When hops were first used in brewing is pretty unclear. There is documentation of hop cultivation as early as 763 in Hallertau in Germany and a recipe for hopped beer that was written in 822 AD by the abbot of a Benedictine monastery in Picardy, France.
However, beer’s early history as a mass consumed commodity is very much about gruit.
Gruit is essentially a herb mixture used for bittering and flavouring beer - an alternative (or perhaps an antecedent) to hops, which was used extensively in the eleventh Century onwards, thanks mainly to the Holy Roman Emperor Henry IV. Henry essentially licensed the sale of gruit to local authorities, such as the clergy, which imposed a tax of sorts on beer production and made hops prohibitively expensive.

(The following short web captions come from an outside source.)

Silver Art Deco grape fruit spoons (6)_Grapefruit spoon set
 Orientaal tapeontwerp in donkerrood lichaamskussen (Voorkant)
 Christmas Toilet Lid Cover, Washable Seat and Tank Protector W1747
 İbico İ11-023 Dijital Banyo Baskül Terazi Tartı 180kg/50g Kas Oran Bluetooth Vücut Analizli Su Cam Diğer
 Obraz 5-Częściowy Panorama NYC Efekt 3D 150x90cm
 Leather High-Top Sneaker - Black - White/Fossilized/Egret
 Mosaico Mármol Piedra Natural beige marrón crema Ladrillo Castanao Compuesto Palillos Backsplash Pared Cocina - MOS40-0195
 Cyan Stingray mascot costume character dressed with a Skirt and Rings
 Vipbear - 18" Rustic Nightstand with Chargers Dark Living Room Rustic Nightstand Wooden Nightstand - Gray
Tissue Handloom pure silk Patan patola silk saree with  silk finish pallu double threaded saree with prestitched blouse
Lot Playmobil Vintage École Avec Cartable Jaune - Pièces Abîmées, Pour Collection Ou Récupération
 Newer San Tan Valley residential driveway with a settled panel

A licence to make gruit was a means of controlling local beer production and, as such, gruit recipes became closely guarded secrets.
It was another 150 years or so before hop use started to pick up again, and it wasn’t until the thirteen and fourteen hundreds that hops became the bittering and flavouring component of choice.
One of the original gruit recipes has remained until this day and is used by the brewers at the Dutch brewery Jopen to make today’s beer, which is a style of beer called Koyt.
Jopen’s Koyt is brewed according to the Haarlems Brouwerskeur, or city recipe of 1407. The brewery doesn’t disclose the full recipe but the key ingredient is gale which is a type of bog myrtle. According to Jopen, as legend has it, gale should be picked by naked witches under a full moon to avoid any unwanted hallucinatory effect. The website doesn’t mention whether this is still practised - but I am guessing that after the great witch hunts of the early 1400s, naked witches are hard to come by.
Let’s give this bog myrtle witches brew a go…
Pours a lovely mahogany colour with a cream head. The nose is malt forward, as the colour would suggest, with some interesting hints of cola, licorice and Sarsaparilla. The palate is rich with caramelised fruit notes and a savoury bitterness that smacks of hops as much as what I imagine the mythical bog myrtle might taste of. A fun drink that I can totally picture myself quaffing from a pewter goblet in a spit-and-sawdust pub hundreds of years ago.
This historical re-enactment by Jopen is something to marvel at and offers a real glimpse at a beer style of yesteryear. However, after further research, it would appear that the accuracy of beer history really is fogged by time and the antiquated means of reporting that existed hundreds of years in the past. There is a fair amount of ambiguity surrounding the real definition of the Koyt style. In short it’s very likely that the original Koyt was hopped and its popularity was instrumental in the demise of gruit beers. To confuse things further, the Jopen website gives this beer an EBU rating too, so presumably there is more than just gruit flavouring this beer?!
Whether this beer is a Koyt gone wrong or an intentional Koyt-gruit mash up, as ever with these things - the proof is in the pudding - and the pudding here is rather good.
It’s a nice reminder that semantics and beer labelling might make you sound smart - but they also cloud the issue, and won't necessarily help you enjoy a beer!